Even to those who are of the mind that musicforthemorningafter has aged exceptionally well — to likewise remind them that it was “good in the beginning” (to quote Yorn himself, from his 300,000 seller, Day I Forgot), might really draw attention to the fact that it ain’t so great now, and hasn’t been for awhile.

As for the reissue itself – is it really necessary to remaster something that was just released in 2001?  Wasn’t that a year in which all sorts of, you know, old albums were already being remastered and re-issued?  Are we to believe that musicforthemorningafter was recorded so poorly a mere decade ago that the remastering treatment will now have it sounding stellar by comparison?

And regarding the re-issue extras: we get a second disc which has one truly unreleased track alongside a previously released song from the original vinyl version of musicforthemorningafter as well as a demo and a remix of other, already familiar songs.  These tracks are buffered by the entirety of Yorn’s era-relevant KCRW Morning Becomes Eclectic session, which would be splendid, were it not easily heard previously and also readily available on the fan-circulated musicfromthenightbefore bootleg, which also comes with unreleased, same-era songs such as “Farmer vs.
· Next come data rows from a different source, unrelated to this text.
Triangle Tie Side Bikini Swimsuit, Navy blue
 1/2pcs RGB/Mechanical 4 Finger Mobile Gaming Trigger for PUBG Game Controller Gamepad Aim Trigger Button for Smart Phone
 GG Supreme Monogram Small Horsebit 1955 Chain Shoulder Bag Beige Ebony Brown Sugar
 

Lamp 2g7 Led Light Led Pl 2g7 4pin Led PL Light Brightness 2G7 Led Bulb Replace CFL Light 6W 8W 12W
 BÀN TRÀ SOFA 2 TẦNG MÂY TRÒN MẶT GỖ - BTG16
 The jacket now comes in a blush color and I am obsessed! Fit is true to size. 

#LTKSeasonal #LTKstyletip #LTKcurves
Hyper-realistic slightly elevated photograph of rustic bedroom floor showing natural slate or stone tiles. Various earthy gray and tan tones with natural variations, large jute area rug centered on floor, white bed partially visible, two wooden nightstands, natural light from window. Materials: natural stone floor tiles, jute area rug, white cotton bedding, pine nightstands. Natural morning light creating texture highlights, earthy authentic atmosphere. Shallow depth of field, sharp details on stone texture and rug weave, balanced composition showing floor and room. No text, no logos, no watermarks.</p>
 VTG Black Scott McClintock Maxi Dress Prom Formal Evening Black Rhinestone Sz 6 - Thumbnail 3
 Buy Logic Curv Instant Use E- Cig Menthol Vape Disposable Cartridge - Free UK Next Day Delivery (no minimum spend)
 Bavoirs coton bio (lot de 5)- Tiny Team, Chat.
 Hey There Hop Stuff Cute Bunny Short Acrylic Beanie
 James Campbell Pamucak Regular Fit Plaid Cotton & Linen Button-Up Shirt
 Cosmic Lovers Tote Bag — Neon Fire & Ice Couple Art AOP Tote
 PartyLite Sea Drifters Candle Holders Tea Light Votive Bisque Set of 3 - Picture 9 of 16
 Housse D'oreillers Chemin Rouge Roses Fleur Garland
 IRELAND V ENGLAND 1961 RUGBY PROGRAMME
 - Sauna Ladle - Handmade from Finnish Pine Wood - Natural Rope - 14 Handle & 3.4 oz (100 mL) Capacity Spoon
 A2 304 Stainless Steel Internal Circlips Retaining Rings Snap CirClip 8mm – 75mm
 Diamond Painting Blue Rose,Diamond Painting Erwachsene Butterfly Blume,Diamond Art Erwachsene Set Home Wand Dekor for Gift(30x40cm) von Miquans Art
River,” “Model American,” “You Never Knew” and “Rooftop” — none of which made the cut here.  All said, there’s really not much to the re-issue that’s not tired before the wrapper even comes off the package.

Put bluntly, the whole 10th anniversary re-issue and performance schtick smacks of something disingenuous, like Yorn’s career in general.  Though notable, musicforthemorningafter isn’t much of a tent pole with which to anchor any artist, and certainly not one as uninspiring as Yorn — and yet it’s being trumpeted as something deeply significant, as if the marketing alone will make it true.

RU4 musicforthemorningafter?

Lack of sales and airplay aside, what Yorn is really missing is that magnetic bellwether attraction known as influence; it’s not like Yorn has inspired a whole generation of kids to whine and grunt like farm animals and write songs of self-possessed regret, at least not in the way Dylan pied-piper-ed millions into wheezing along with him or the way re-issued low-sellers like Pavement and Sonic Youth have inspired scores of musicians in their wake.  There simply is nothing culturally relevant about Pete Yorn.

For those in attendance a the Wiltern April 6, let’s hope the show provides a rousing jog down memory lane, resulting in a good time being had by all.  Sadly however, it’s more likely that during snoozers like “Black,” “Lose You” and “Simonize,” concert-goers will realize that — like jokes about 9/11 — for this undistinguished artist, the whole reissue and album-in-it’s-entirety concert honorarium is simply “too soon.”